One Chicago teen is dead and another is charged after an alcohol-related crash in southern Wisconsin Tuesday, authorities said.

Dayne Cutler, 18, was wearing a seat belt in the back seat of a 2007 Volvo when it rolled over in a cornfield near Janesville. He was pronounced dead at the scene.

Authorities said the driver, Daniel Fleming, 17, of Chicago had been intoxicated when he lost control of the car.


He was charged with homicide by operating a vehicle while intoxicated, a felony, according to Rock County Sheriff's Department Cmdr. Troy Knudson. Fleming, whose blood-alcohol level was 0.15 percent, nearly twice the legal limit for those age 21 and over, was also charged with causing injury while operating a vehicle while intoxicated, police said.

Because the accident involved underage drinking, the sheriff's department said, it's standard policy for police to try and determine who provided the minors with alcohol.

Fleming was hospitalized with lacerations and bruises, police said today. Another passenger, a 16-year-old girl from Janesville who was sitting in the front seat, was not wearing a seat belt and was ejected from the vehicle. She suffered jaw, shoulder and back injuries and was taken to Mercy Hospital in Janesville.

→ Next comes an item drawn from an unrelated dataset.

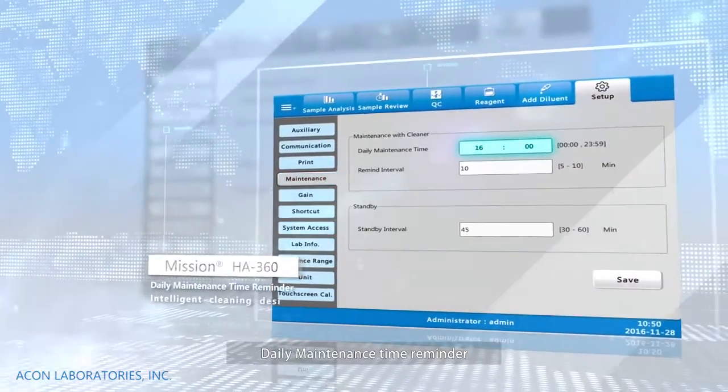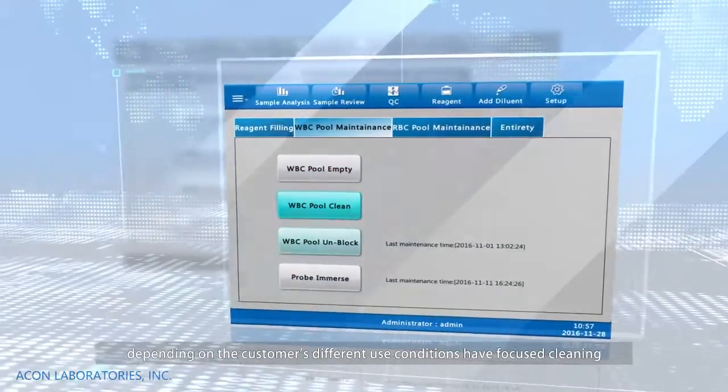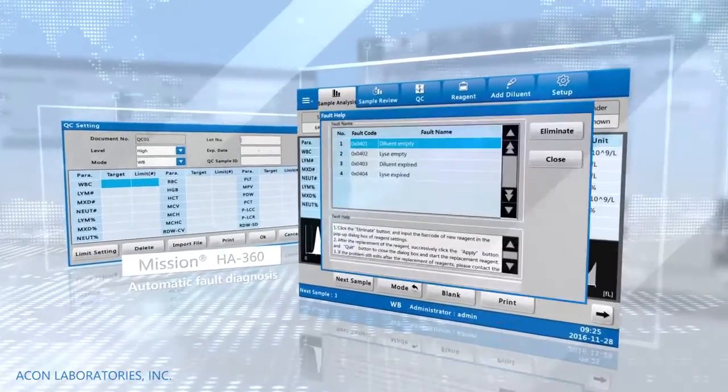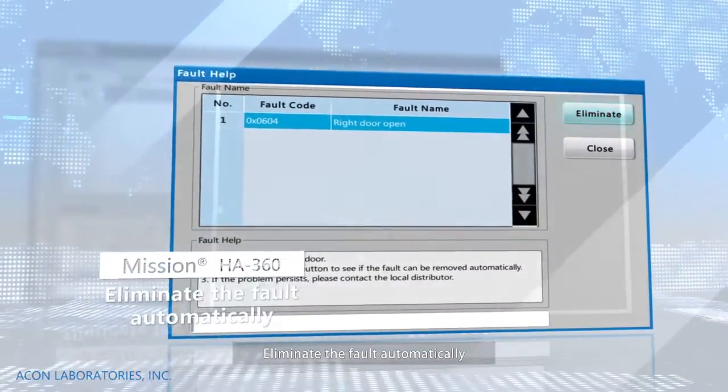Intelligent maintenance system with daily maintenance time reminders, convenient for daily work. Intelligent boot cleaning design adapts to different customer use conditions for focused cleaning. Eliminates faults automatically.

Knudson said their injuries did not appear to be life-threatening.

Cutler would have been a senior at Truman College's alternative high school program in the Uptown neighborhood this fall, his mother said in a telephone interview this afternoon.

Letitia Mika, 43, said her son loved playing lacrosse and helping out at church, and he wanted to join the Marine Corps.

"I wouldn't say Dayne was very religious. He loved Jesus and the Lord. But he was struggling," she said. "He was out with a crowd of kids that were partying and drinking, and that's why Dayne's not here [anymore]."

Fleming, who was wearing a seat belt, was driving the car at about 5:40 a.m. Tuesday on West County Highway A, west of Janesville, when he spun out of control and rolled the car over, police said. The vehicle was found on its roof about 35 feet from the road in a cornfield.

Mika said she was getting ready for work at about 10 a.m. Tuesday when she heard the news about her son.

A Chicago police officer came to her Northwest Side home and told her to call Wisconsin authorities. When she did, she learned about the accident. "I started screaming," she said.

She said Cutler and Fleming went to Janesville, Fleming's former hometown, to visit some of Fleming's friends.

Fleming "was a new friend [of Dayne's]," Mika said. "I'd only met him a couple of times. He seemed like a nice kid."

In addition to his mother and father, who are divorced, Cutler is survived by an older brother, a stepmother and a stepfather. Funeral services are pending.

Efforts to reach Fleming's family were unsuccessful.